* **TO DO**
What you return must match, exactly, the lines running from the one containing "Maybach S-Class, 2022 16" to the end of the data, both included, and must contain no pictures.

Short web captions:
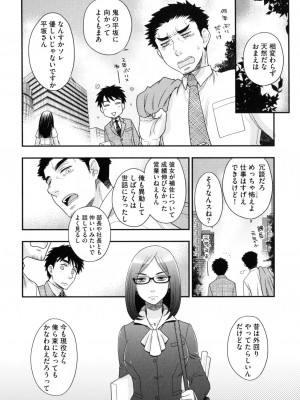[大波耀子] おねえさまの愛と我儘と欲情と_011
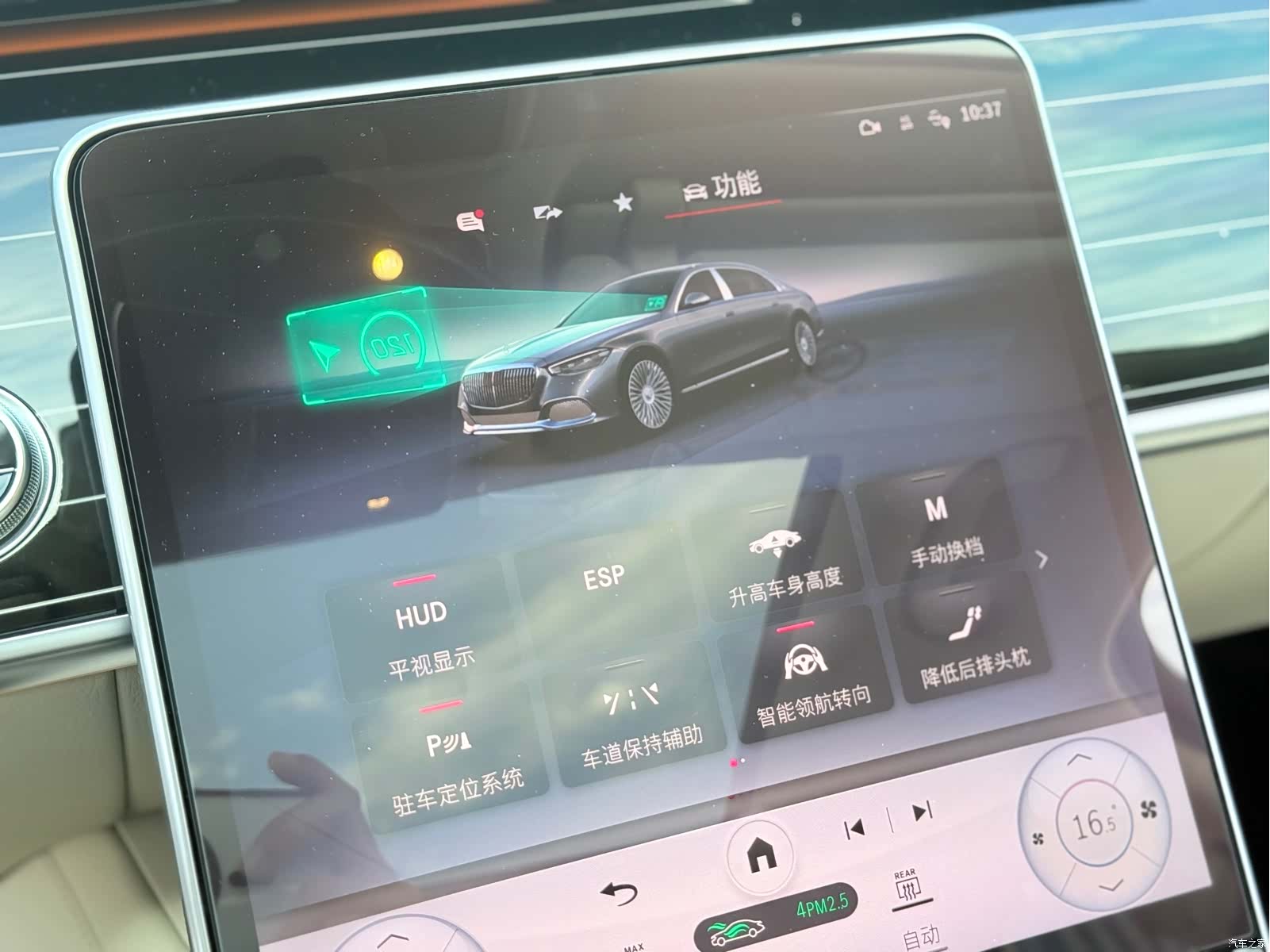 Maybach S-Class, 2022 16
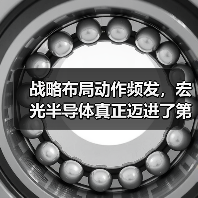 战略布局动作频发,宏光半导体真正迈进了第三代半导体时代吗?(图4) 战略布局动作频发,宏光半导体真正迈进了第三代半导体时代吗?(图4)
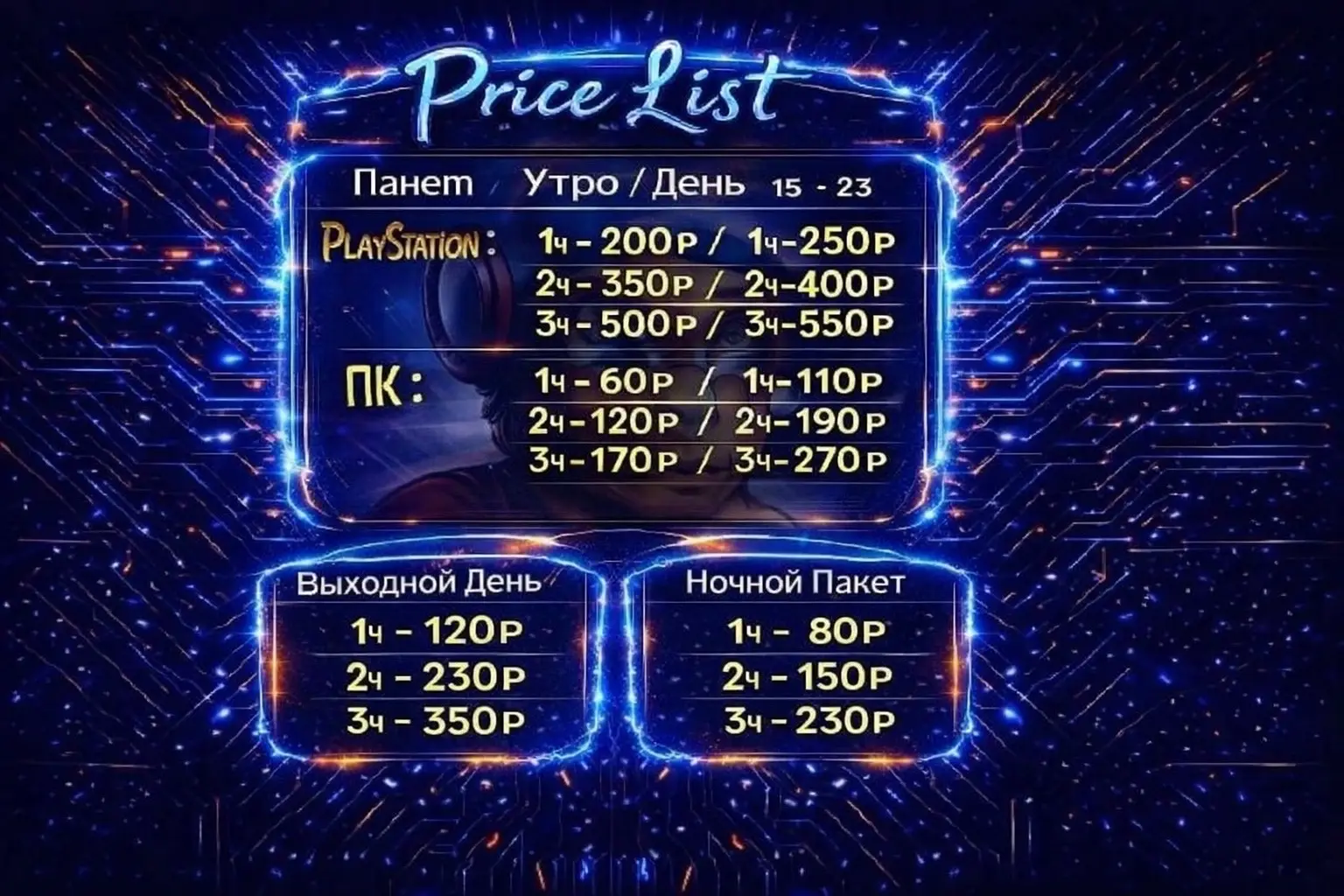 Изображение клуба ИМБА № 5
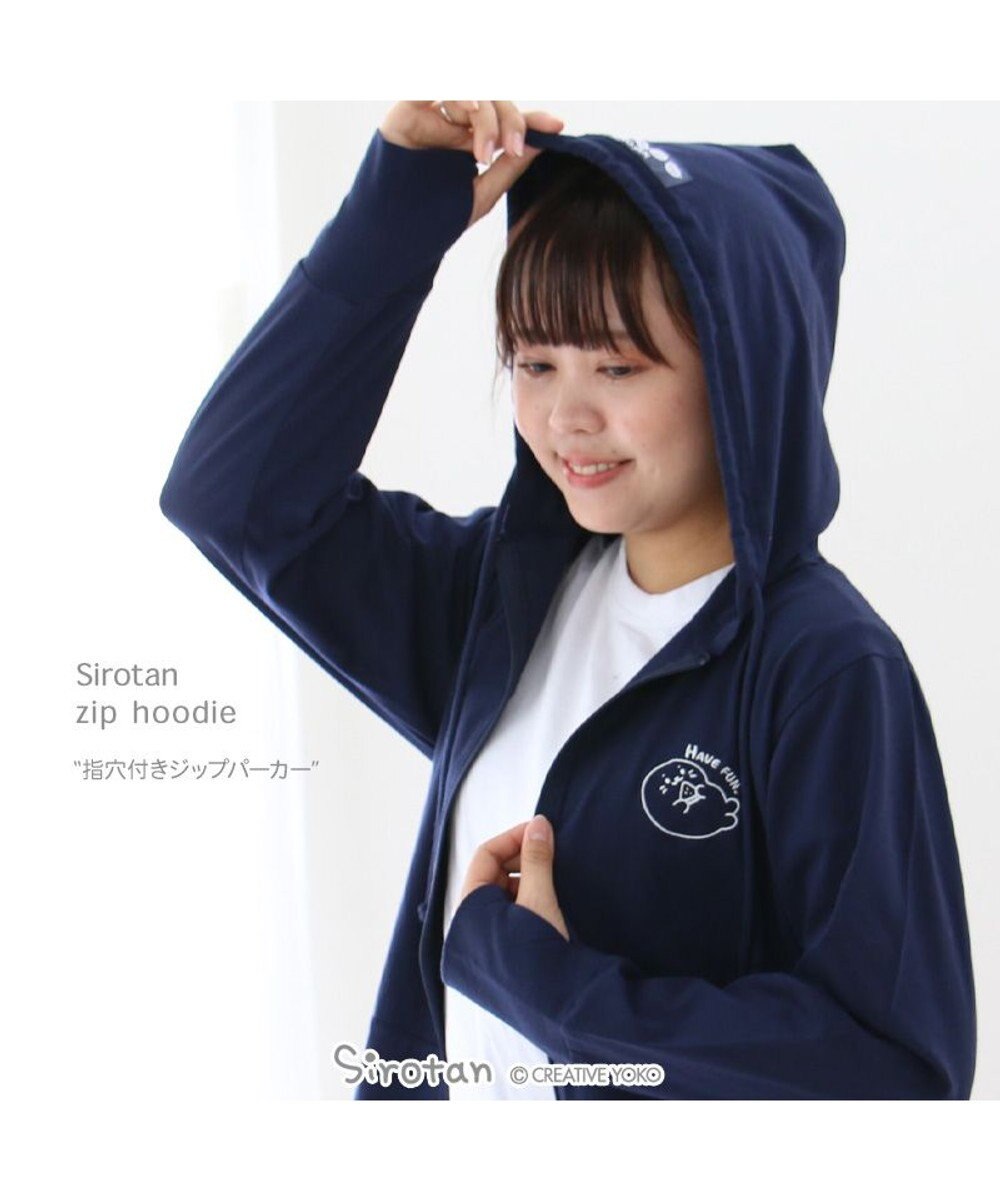 Mother garden しろたん 指穴付き UVカットパーカー  ユニセックス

* **SOLUTION FOR THIS EXERCISE**
 Maybach S-Class, 2022 16
 战略布局动作频发,宏光半导体真正迈进了第三代半导体时代吗?(图4) 战略布局动作频发,宏光半导体真正迈进了第三代半导体时代吗?(图4)
 Изображение клуба ИМБА № 5
 Mother garden しろたん 指穴付き UVカットパーカー  ユニセックス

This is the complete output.